| MATERIAL FOR THIS EXERCISE |
* * * * *
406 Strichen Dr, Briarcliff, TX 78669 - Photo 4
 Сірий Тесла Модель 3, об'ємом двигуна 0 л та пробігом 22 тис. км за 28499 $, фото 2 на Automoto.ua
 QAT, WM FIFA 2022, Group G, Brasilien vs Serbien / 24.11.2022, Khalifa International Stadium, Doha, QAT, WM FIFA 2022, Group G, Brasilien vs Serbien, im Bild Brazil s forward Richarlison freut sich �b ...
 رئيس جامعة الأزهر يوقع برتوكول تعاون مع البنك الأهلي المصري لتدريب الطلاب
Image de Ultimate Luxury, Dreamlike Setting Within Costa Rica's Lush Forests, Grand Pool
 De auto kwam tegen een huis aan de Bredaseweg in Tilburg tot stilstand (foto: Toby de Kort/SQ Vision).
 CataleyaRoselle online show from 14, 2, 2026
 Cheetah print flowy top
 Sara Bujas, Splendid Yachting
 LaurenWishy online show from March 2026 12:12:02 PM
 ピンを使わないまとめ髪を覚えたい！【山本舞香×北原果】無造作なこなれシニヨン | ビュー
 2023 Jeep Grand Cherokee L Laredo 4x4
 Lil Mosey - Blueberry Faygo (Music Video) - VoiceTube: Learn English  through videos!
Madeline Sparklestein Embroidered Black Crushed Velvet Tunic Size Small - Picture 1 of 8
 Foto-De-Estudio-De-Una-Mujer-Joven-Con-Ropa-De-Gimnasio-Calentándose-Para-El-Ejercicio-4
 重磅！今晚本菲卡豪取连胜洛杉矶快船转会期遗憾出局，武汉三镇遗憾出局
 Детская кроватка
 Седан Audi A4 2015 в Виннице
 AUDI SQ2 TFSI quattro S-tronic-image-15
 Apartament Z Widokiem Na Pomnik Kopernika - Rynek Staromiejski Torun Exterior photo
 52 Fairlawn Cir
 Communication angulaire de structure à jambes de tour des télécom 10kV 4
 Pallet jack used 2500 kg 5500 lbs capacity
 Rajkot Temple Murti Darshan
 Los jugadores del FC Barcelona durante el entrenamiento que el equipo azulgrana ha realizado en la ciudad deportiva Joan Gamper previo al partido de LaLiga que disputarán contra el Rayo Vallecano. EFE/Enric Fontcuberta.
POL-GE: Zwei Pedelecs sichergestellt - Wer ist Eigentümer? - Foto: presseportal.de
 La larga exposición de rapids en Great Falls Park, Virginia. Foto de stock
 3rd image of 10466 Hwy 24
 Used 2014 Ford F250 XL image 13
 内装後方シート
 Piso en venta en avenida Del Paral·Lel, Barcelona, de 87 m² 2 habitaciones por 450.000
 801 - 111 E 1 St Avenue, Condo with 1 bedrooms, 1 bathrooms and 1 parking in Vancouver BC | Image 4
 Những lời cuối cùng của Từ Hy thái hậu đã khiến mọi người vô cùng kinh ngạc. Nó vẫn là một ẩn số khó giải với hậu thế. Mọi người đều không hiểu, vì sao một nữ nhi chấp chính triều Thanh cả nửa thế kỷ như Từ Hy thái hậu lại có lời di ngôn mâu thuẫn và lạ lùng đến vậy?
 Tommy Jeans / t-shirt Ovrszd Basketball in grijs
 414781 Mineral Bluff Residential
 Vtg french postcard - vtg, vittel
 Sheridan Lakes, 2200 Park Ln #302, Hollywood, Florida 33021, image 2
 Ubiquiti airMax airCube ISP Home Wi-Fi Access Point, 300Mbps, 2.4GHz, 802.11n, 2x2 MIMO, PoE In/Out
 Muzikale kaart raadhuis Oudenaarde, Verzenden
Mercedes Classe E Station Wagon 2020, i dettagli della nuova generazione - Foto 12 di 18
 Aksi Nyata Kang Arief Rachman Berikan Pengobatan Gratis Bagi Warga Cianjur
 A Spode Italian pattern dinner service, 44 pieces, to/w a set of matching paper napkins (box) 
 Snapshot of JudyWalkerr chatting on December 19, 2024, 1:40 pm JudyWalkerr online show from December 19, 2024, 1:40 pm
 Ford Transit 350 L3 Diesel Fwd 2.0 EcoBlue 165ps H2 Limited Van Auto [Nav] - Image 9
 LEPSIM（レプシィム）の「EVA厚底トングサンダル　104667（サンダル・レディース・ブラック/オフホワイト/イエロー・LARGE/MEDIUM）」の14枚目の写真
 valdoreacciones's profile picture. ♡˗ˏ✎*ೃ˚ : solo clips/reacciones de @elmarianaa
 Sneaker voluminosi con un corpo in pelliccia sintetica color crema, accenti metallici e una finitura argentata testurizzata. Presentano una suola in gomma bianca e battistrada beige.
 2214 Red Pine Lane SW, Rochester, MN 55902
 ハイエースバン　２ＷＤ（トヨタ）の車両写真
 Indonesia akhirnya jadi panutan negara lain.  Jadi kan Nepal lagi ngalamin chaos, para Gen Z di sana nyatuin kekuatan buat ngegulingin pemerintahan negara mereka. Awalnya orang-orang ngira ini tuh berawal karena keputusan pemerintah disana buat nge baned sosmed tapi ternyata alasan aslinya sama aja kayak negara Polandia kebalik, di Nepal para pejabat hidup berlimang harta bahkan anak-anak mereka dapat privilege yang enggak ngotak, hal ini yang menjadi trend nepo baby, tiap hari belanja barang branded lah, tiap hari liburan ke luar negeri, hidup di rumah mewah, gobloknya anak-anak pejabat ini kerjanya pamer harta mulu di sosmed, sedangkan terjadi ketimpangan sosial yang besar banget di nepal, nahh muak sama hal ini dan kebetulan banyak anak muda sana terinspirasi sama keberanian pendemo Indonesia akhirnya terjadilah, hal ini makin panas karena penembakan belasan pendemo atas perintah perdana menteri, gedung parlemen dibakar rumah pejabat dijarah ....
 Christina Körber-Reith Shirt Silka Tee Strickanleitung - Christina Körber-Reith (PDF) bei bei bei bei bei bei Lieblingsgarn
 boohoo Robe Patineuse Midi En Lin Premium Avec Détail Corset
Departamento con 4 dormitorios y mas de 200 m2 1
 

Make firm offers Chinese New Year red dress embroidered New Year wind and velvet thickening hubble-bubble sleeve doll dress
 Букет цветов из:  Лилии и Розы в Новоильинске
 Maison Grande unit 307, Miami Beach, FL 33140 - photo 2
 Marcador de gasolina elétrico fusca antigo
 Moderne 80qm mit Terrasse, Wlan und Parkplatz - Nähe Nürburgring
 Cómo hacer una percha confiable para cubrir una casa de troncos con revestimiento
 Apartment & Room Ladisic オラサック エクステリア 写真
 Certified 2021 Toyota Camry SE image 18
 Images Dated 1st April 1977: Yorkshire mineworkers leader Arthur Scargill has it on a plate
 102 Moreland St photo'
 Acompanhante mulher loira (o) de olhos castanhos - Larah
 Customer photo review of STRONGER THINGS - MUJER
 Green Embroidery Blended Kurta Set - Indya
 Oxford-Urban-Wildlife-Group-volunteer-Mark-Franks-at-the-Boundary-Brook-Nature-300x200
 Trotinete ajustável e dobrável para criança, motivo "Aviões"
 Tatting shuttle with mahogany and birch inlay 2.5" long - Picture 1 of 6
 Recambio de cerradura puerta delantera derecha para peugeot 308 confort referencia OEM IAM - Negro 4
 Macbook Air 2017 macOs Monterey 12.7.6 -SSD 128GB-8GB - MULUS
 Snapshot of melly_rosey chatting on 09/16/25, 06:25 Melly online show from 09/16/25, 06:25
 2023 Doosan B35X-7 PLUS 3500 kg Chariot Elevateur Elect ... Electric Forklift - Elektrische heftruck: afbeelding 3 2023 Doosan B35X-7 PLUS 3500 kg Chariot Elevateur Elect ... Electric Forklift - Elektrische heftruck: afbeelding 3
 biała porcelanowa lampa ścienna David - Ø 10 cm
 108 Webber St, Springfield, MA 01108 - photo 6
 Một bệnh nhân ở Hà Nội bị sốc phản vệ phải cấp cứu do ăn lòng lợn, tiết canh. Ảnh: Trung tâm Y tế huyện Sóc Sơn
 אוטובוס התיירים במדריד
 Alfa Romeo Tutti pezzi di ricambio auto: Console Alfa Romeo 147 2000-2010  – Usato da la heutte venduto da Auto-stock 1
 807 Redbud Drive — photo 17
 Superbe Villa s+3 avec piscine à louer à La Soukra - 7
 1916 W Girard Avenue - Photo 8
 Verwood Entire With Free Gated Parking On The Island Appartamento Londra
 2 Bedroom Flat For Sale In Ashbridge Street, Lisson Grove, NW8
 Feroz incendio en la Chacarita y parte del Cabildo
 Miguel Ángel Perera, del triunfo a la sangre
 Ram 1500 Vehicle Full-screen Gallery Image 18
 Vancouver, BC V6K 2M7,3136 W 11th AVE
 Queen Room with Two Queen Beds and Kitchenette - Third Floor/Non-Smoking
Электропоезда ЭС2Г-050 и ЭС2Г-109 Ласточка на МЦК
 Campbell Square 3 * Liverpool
* * * * *
| WORK INSTRUCTIONS |
Please copy exactly the lines from the first line of the records above through the line containing "Сірий Тесла Модель", including both, and nothing more.

| SOLUTION TO THE EXERCISE |
406 Strichen Dr, Briarcliff, TX 78669 - Photo 4
 Сірий Тесла Модель 3, об'ємом двигуна 0 л та пробігом 22 тис. км за 28499 $, фото 2 на Automoto.ua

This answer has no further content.